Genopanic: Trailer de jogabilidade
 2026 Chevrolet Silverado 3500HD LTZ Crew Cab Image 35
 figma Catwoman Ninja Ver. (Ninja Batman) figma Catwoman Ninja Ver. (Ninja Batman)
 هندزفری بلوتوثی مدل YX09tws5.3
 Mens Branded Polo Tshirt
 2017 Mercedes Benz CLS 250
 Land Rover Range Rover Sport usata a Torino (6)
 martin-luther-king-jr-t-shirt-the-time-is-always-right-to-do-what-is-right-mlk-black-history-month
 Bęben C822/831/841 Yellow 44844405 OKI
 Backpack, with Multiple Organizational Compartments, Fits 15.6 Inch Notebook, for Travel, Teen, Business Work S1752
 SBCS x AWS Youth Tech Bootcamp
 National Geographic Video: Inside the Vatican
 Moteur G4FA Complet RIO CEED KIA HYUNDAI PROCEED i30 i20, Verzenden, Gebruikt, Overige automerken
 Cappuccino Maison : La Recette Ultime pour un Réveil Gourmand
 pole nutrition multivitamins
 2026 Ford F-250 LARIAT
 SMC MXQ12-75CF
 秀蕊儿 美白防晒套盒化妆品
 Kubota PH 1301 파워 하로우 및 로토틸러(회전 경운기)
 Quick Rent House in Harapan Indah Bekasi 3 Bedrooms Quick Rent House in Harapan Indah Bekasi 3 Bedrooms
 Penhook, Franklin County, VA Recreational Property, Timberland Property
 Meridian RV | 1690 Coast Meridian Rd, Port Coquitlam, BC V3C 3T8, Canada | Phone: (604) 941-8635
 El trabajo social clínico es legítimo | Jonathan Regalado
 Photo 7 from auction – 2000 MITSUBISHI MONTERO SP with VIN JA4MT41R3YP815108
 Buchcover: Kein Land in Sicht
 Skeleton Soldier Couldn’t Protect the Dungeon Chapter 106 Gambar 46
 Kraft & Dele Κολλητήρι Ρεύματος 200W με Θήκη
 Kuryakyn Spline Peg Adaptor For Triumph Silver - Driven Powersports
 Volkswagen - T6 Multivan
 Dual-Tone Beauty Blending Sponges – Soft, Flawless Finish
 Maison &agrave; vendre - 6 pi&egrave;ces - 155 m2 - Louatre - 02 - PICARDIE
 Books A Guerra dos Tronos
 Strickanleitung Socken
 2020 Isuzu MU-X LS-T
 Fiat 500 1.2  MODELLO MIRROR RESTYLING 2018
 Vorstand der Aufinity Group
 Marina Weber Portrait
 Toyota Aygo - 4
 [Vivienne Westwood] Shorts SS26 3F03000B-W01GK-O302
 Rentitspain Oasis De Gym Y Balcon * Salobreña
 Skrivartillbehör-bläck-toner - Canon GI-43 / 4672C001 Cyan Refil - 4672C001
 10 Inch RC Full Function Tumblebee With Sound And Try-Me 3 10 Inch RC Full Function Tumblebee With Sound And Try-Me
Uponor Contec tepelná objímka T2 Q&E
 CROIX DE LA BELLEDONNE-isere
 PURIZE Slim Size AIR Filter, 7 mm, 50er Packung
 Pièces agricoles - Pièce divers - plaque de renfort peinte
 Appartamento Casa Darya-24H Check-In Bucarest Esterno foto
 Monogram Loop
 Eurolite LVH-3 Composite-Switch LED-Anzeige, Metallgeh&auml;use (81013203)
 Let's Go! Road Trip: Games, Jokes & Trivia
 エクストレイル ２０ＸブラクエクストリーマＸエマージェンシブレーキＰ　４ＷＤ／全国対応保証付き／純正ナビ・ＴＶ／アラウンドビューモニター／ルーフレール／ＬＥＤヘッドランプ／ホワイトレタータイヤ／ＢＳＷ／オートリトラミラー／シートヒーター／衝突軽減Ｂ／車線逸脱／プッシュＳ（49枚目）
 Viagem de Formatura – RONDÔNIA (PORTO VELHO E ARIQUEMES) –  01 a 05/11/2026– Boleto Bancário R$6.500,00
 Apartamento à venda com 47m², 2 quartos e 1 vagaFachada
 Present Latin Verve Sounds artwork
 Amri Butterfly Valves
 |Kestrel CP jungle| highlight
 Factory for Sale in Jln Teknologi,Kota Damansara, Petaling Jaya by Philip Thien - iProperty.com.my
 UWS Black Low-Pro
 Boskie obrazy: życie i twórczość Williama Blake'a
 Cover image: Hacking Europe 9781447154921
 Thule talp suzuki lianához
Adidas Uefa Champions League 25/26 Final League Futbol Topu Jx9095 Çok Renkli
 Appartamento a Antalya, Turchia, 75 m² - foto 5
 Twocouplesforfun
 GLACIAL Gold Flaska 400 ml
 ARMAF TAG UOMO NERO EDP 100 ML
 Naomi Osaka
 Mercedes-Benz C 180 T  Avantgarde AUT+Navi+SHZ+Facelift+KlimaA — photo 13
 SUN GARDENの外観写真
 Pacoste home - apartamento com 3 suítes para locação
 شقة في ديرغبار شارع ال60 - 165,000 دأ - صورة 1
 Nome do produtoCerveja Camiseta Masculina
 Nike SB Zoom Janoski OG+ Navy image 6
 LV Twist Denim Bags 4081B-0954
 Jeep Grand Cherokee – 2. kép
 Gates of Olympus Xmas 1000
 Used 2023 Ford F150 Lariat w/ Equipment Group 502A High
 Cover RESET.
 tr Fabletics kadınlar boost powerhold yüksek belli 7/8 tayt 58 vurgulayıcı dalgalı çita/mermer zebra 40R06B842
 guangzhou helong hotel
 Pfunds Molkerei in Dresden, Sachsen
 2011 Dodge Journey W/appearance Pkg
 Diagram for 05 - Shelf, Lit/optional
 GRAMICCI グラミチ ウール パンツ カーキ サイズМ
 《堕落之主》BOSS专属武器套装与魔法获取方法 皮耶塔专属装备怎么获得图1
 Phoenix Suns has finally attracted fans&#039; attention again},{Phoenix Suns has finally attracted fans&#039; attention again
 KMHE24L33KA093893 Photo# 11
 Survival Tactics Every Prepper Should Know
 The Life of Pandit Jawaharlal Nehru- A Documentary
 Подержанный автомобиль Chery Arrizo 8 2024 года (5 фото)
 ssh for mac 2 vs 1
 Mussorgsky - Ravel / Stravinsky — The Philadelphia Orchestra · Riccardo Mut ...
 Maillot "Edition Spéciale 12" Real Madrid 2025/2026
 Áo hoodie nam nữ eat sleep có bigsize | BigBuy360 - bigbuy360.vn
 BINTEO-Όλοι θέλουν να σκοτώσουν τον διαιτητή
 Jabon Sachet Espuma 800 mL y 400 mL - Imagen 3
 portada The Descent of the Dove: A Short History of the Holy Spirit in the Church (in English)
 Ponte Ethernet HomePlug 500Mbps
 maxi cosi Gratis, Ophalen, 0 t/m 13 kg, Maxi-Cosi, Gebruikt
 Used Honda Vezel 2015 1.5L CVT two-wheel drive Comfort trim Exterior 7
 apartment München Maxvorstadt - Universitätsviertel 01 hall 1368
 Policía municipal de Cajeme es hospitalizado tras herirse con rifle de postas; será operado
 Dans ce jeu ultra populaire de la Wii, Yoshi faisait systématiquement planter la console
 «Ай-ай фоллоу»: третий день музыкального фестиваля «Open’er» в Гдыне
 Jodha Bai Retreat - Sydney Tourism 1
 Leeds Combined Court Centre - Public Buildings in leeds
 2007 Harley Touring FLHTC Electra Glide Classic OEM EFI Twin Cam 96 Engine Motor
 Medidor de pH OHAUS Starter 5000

•••

What this task involves: For the listing above, print only the lines starting at the line containing "Vorstand der Aufinity Group" and ending at the line containing "CROIX DE LA BELLEDONNE-isere", exactly, both included.

Response below:
 Vorstand der Aufinity Group
 Marina Weber Portrait
 Toyota Aygo - 4
 [Vivienne Westwood] Shorts SS26 3F03000B-W01GK-O302
 Rentitspain Oasis De Gym Y Balcon * Salobreña
 Skrivartillbehör-bläck-toner - Canon GI-43 / 4672C001 Cyan Refil - 4672C001
 10 Inch RC Full Function Tumblebee With Sound And Try-Me 3 10 Inch RC Full Function Tumblebee With Sound And Try-Me
Uponor Contec tepelná objímka T2 Q&E
 CROIX DE LA BELLEDONNE-isere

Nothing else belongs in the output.